1999 yılında keşfedilen ve sadece 1 kilometre çapında olan Ryugu, insanlığın uzaydaki en büyük keşiflerinden birisi olarak görülüyor. Öyle ki araştırmacılar Ryugu’ya gönderilen Hayabusa 2 isimli uydu sayesinde bu gök taşının Dünya’nın yapı taşlarından birisi olabileceğini keşfetmişti.
Dün yapılan başka bir açıklamadaysa Ryugu’da beklenenden çok daha fazlasının bulunduğu açıklandı.
GEÇMİŞTE SU NEDENİYLE YAPISI DEĞİŞMİŞ
Hikaru Yabuta tarafından yönetilen ve Ryugu’daki mikromoleküler organik maddeleri araştıran bir ekip, dün yaptığı açıklamada bu küçük “uzay kayasında” beklediklerinden çok daha fazlasını bulduklarını ifade etti.

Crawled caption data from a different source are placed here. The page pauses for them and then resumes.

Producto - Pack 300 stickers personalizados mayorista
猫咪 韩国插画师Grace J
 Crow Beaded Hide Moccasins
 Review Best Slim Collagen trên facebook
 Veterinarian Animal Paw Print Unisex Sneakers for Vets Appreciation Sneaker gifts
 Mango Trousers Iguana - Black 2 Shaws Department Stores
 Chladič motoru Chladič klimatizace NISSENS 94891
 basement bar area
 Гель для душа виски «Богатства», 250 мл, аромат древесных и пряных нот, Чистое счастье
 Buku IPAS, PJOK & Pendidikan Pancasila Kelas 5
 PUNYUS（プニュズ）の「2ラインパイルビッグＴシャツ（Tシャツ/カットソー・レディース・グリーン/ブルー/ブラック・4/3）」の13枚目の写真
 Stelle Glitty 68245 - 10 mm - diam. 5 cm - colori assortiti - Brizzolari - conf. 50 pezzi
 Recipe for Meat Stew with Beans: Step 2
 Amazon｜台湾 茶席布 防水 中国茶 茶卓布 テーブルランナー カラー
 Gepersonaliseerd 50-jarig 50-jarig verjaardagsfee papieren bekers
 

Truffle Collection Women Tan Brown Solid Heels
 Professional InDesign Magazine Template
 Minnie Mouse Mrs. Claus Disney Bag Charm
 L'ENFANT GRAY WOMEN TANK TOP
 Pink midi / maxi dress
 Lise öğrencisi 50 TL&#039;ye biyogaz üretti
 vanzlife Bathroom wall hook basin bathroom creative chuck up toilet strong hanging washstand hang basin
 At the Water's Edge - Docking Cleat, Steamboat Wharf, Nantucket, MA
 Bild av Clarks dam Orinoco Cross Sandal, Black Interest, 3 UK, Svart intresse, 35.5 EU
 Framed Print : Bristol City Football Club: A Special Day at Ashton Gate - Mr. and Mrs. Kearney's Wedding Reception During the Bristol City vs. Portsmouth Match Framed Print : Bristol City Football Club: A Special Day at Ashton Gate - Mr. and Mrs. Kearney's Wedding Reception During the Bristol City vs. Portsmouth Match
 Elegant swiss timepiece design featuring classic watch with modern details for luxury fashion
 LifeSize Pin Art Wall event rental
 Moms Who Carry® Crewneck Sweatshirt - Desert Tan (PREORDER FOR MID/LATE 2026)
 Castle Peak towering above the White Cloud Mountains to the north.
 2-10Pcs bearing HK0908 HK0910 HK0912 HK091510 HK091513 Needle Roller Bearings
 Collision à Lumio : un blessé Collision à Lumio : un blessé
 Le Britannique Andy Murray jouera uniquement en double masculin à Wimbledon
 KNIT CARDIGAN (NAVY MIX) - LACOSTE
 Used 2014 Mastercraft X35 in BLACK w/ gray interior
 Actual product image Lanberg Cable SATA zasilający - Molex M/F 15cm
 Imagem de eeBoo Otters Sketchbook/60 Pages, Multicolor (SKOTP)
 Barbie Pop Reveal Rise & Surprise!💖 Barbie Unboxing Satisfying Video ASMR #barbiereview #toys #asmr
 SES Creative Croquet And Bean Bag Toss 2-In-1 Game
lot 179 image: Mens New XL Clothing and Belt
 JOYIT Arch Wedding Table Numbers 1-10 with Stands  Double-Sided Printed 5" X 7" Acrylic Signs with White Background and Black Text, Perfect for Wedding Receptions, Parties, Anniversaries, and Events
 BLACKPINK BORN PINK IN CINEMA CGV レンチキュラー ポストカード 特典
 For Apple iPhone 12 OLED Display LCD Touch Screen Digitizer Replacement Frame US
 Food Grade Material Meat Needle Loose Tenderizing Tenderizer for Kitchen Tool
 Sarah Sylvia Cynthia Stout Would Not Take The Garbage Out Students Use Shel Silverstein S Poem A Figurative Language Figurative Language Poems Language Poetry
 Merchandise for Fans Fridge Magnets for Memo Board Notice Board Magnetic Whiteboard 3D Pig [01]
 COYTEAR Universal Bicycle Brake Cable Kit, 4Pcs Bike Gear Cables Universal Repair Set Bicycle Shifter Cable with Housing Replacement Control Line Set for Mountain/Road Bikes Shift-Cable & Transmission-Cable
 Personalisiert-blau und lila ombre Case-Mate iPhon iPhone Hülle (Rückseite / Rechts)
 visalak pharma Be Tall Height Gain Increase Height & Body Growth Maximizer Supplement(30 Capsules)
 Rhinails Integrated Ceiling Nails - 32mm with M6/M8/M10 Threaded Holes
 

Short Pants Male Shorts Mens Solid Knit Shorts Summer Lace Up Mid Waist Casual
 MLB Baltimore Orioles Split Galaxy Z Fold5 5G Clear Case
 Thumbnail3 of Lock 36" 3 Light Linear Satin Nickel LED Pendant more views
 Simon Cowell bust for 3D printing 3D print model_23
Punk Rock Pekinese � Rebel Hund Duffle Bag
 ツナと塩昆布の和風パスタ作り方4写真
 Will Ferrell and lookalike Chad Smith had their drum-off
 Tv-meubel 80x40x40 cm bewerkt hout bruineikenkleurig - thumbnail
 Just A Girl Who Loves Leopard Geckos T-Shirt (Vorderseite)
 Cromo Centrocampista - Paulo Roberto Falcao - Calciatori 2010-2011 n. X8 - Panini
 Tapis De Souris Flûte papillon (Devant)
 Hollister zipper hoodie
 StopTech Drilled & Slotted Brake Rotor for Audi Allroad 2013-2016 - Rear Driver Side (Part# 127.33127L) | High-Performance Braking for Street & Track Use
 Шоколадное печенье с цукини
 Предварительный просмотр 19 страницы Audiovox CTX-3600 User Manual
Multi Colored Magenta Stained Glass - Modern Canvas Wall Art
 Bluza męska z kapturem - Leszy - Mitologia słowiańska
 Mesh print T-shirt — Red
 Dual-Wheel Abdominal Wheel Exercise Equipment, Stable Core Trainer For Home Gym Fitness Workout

Webtekno’da yer alan ve aktarılan açıklamaya göre; Ryugu’dan alınan örneklerde gök taşının moleküler yapısının bir zamanlar suyla temas ettiği için değiştiği keşfedildi. Gök taşının bir kısmının bir zamanlar suyla yoğun temas halinde olduğunu belirten uzmanlar, ayrıca bugüne kadar keşfedilmiş en eski organik mikromoleküllerden bazılarına da Ryugu’da rastladıklarını belirtti.
Yapılan açıklamaya göre Ryugu’dan alınan örneklerde Güneşimizden bile daha eski organik moleküllere rastlandığı ve bunun uzay tarihi için bir dönüm noktası olduğu belirtildi. Güneş’in yaklaşık 4,500,000,000 yaşında olduğunu düşürsek bu moleküllerin oldukça etkileyici olduğu aşikar.
Ayrıca bu mikromoleküllerin yaşamla ya da canlılarla bağdaştırılmaması gerektiğini belirtmemiz gerek. Keşfedilen bu moleküller organik olmasına rağmen abiyotik yani canlı olmayan nesnelere ait moleküller.
Astronomlar ve araştırmacılar bu keşiflerin ardından Ryugu’yu araştırmaya devam ederken, bu (nispeten) küçük uzay kayasının insanlığa daha neler sunabileceği ise bilinmiyor.